What this task involves — Copy all the data exactly, except the pictures.

Provided data —
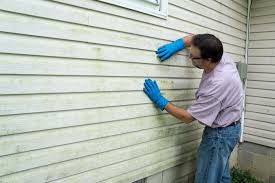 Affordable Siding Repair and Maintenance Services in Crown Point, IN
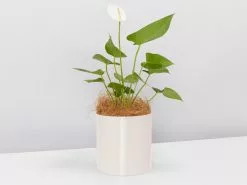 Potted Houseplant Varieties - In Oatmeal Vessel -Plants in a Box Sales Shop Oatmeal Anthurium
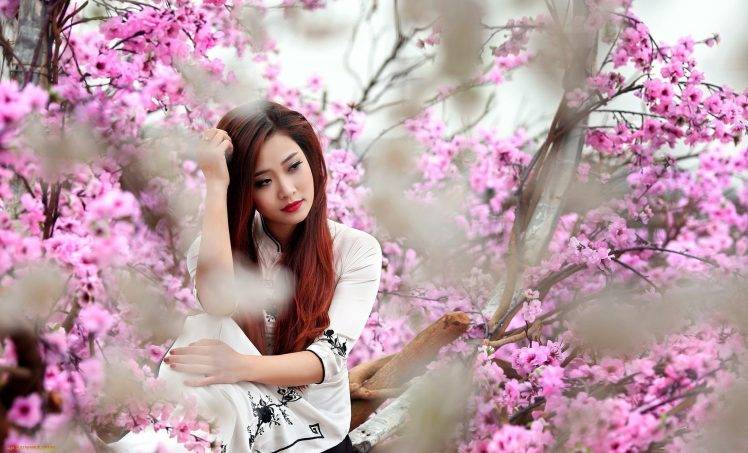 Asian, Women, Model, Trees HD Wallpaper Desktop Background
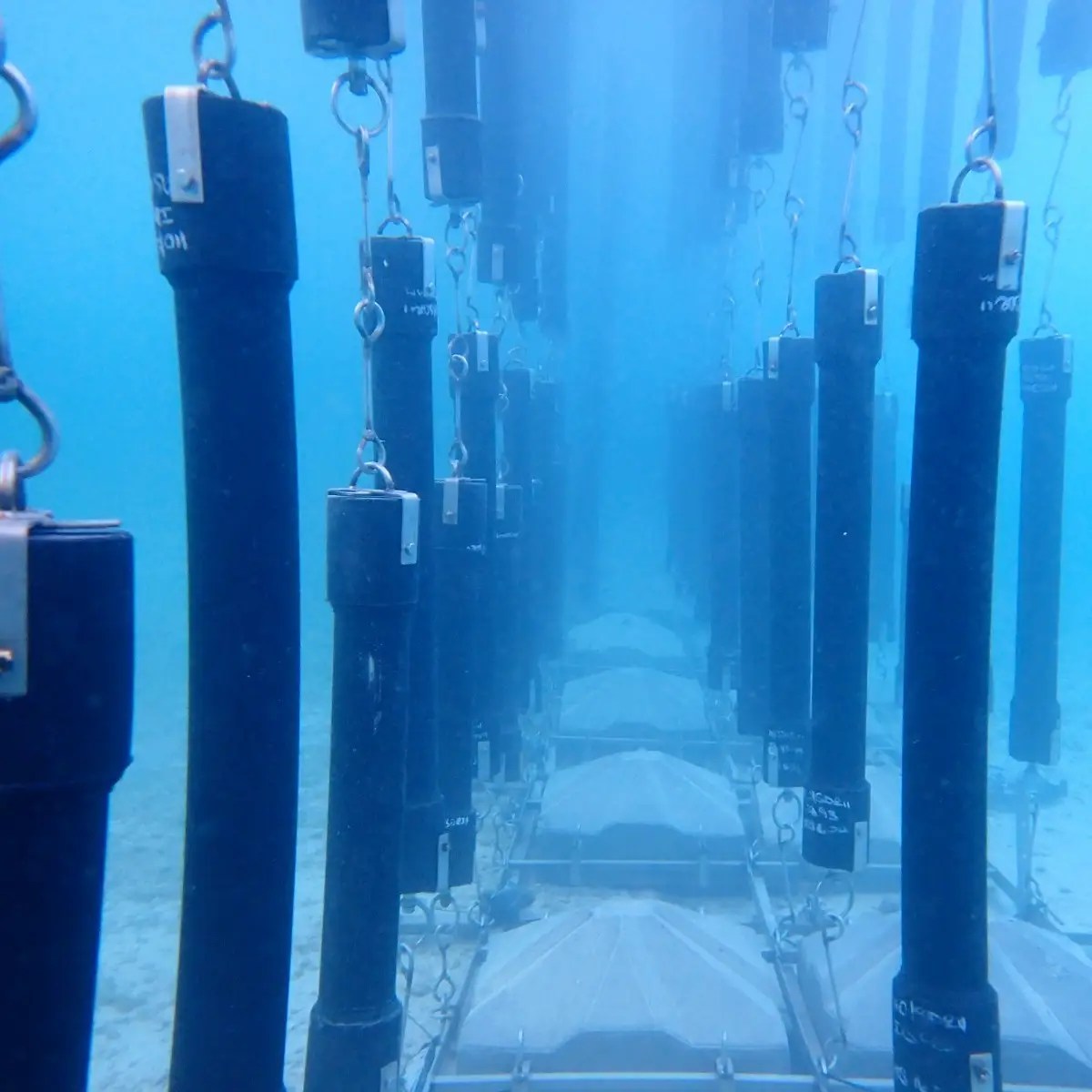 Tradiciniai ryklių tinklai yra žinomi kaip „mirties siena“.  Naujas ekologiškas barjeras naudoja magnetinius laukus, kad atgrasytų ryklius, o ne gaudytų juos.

Output of the task —
 Affordable Siding Repair and Maintenance Services in Crown Point, IN
 Potted Houseplant Varieties - In Oatmeal Vessel -Plants in a Box Sales Shop Oatmeal Anthurium
 Asian, Women, Model, Trees HD Wallpaper Desktop Background
 Tradiciniai ryklių tinklai yra žinomi kaip „mirties siena“.  Naujas ekologiškas barjeras naudoja magnetinius laukus, kad atgrasytų ryklius, o ne gaudytų juos.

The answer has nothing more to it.